Aynı seyyah eserinde devamla; “Osmanlı’da, sofradan kalkılır kalkılmaz mutlaka ellerle ağızlar yıkanır. Önünüze sıcak suyla sabun getirilir. Büyüklerin konaklarında ya gül suyu ya da güzel kokulu başka bir su da ikram edilir. Bunlarla da mendilinizin bir ucunu ıslatırsınız. Osmanlı, yıkanıp temizlenmeyi hiçbir zaman ihmal etmez. Takatten düşse bile çocukları, uşakları veya hanımı vasıtasıyla yıkanıp temizlenir. Öldüğü zaman da cenazesi bile şeriat ahkâmına göre yıkanıp temizlenmeden tabutuna konulmaz. Oysa Avrupalılar, hastalandıklarında veya takatten düştüklerinde temizlik kaygısını umumiyetle unutuverirler. Ölünce de evinde bulunabilen en kötü beze sarılıp dikildikten sonra tabuta konulurlar. Ailesi cesedinin en sathî bir şekilde temizlenmesini aklından bile geçirmez” diye hatıralarını kaydetmiştir.

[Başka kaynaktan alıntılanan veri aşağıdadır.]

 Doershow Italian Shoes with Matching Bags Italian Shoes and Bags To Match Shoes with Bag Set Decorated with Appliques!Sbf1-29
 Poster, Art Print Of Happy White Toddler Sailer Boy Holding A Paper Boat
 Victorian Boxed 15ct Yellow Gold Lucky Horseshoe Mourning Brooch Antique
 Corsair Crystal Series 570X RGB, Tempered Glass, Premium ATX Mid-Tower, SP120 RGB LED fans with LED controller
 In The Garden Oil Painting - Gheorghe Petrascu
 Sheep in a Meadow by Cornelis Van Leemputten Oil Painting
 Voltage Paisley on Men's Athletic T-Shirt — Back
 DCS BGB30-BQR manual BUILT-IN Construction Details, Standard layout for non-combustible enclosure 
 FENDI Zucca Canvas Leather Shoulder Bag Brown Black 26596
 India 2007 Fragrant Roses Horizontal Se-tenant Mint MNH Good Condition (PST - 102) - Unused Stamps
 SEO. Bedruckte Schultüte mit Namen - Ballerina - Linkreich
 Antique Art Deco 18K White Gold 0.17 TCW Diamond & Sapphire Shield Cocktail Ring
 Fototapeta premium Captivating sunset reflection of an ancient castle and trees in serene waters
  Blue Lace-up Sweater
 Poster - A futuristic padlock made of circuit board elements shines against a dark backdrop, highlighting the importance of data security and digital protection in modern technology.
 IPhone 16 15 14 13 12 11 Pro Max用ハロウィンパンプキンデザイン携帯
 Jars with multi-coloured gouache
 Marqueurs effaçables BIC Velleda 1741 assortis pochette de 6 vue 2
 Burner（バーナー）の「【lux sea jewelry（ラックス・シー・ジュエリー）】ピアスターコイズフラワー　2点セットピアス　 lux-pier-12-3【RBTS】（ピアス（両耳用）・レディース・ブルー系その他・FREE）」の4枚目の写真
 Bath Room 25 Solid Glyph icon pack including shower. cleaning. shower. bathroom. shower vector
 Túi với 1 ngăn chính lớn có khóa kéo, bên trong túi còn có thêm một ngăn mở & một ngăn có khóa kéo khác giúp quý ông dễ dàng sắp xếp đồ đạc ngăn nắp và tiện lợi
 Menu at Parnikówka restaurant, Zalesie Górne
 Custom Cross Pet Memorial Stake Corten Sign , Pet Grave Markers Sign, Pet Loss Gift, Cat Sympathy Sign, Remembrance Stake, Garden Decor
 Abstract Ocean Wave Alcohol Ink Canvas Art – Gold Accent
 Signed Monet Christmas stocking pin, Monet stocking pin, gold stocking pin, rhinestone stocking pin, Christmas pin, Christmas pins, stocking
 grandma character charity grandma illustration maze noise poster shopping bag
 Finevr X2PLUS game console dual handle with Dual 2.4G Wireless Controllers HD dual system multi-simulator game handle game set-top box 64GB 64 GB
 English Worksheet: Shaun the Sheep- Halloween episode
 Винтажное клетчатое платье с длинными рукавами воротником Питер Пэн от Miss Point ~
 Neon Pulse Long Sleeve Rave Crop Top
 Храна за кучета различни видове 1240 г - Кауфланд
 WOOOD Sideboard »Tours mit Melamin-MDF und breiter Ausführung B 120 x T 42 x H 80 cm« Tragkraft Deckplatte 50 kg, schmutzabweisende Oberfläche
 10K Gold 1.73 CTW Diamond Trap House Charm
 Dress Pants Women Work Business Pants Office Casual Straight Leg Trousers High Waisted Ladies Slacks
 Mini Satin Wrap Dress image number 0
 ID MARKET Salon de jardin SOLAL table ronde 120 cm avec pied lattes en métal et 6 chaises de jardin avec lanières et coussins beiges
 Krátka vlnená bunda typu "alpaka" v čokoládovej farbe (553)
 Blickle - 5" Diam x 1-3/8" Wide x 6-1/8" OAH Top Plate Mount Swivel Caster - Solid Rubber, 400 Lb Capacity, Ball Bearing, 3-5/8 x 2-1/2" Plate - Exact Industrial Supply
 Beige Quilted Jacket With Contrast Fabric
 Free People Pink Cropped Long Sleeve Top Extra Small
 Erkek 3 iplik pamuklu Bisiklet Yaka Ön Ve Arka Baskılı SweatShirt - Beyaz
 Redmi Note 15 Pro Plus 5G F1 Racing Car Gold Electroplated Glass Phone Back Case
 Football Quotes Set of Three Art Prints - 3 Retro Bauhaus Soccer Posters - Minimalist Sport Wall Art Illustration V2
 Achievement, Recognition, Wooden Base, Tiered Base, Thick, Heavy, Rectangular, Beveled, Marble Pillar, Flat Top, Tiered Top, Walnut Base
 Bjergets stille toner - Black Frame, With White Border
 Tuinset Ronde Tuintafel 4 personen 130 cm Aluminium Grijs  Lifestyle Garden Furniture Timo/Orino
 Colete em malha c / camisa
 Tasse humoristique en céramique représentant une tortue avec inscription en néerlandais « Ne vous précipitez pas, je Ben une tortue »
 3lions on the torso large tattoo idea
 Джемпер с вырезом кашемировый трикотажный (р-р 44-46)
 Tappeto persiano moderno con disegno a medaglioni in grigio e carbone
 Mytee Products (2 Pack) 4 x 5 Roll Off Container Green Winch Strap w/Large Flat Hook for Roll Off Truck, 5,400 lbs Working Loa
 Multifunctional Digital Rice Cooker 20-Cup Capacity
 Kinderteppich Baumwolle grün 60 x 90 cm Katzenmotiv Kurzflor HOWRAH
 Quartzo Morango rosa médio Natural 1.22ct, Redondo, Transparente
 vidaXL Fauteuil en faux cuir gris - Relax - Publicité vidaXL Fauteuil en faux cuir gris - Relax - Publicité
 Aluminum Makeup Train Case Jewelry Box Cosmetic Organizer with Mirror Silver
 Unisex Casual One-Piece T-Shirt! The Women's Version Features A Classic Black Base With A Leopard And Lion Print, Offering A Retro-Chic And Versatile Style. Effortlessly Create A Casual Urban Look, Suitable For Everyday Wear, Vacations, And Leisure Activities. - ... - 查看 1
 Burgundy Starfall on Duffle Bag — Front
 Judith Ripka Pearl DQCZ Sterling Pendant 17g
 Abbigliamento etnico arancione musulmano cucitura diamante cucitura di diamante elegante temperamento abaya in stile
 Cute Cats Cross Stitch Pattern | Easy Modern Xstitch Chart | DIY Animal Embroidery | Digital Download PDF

Kanuni devrinde bir kaç yıl İstanbul’da kalan bir İspanyol seyyahı “Türkler, biz Avrupalıların pis olduğunu iddia ederler, İspanya’da ömrü boyunca iki defa yıkanmış erkek ve kadın yoktur. Yıkanmak zararlıdır. Çok kişiye zararı dokunduğu görülmüştür. Hele biz alışık olmadığımız için, bize iyi gelmez, üstelik Türkler, hamamlarda lüzumsuz yere çok su harcarlar” diyerek temizlik anlayışlarını (pislik anlayışı demek daha doğru olur herhalde) haklı çıkarmaya çalışmaktadır. O zamanlar Avrupa’daki Kastilya Kraliçesi İsabella bile, 50 yıldan fazla süren hayatı boyunca iki kez banyo yapmıştı.
GELİN ÇİÇEĞİ NASIL DOĞDU?
Kirlilik âdeti Amerika’ya da bulaşmış Pennsylvania ve Virginia eyaletlerinde banyo yapmayı yasaklayan ya da belirli kısıtlamalar getiren kanunlar bile çıkarılmıştı. Philadelphia’ da ise kanunla bir ay içinde birden fazla banyo yapan insanlar cezaevine gönderiliyordu.
1500’lerde İngiltere’de işler şöyle yapılıyordu: İnsanların çoğu Haziran’da evleniyordu. Çünkü senelik banyolarını Mayıs ayında yapıyorlar, Haziran’da hala çok kötü kokmuyorlardı. Ama yine de kokmaya başladıkları için gelinler vücutlarından çıkan kokuyu bastırmak amacıyla ellerinde bir buket çiçek taşıyordu. Gelin çiçeği âdeti de buradan gelmektedir.
Banyolar, içi sıcak suyla doldurulmuş büyük bir fıçıdan meydana geliyordu. Evin erkeği temiz suyla yıkanma imtiyazına sahipti. Ondan sonra oğulları ve diğer erkekler, daha sonra kadınlar, sonra çocuklar ve en son olarak ta bebekler aynı suda yıkanıyordu. Bu esnada su o kadar kirli hale geliyordu ki içinde gerçekten bir şeyleri kaybetmek mümkündü. İngilizce’deki “Don’t throw the baby out with the bathwater” (Banyo suyuyla birlikte bebeği de atmayın)” deyimi işte buradan gelmektedir.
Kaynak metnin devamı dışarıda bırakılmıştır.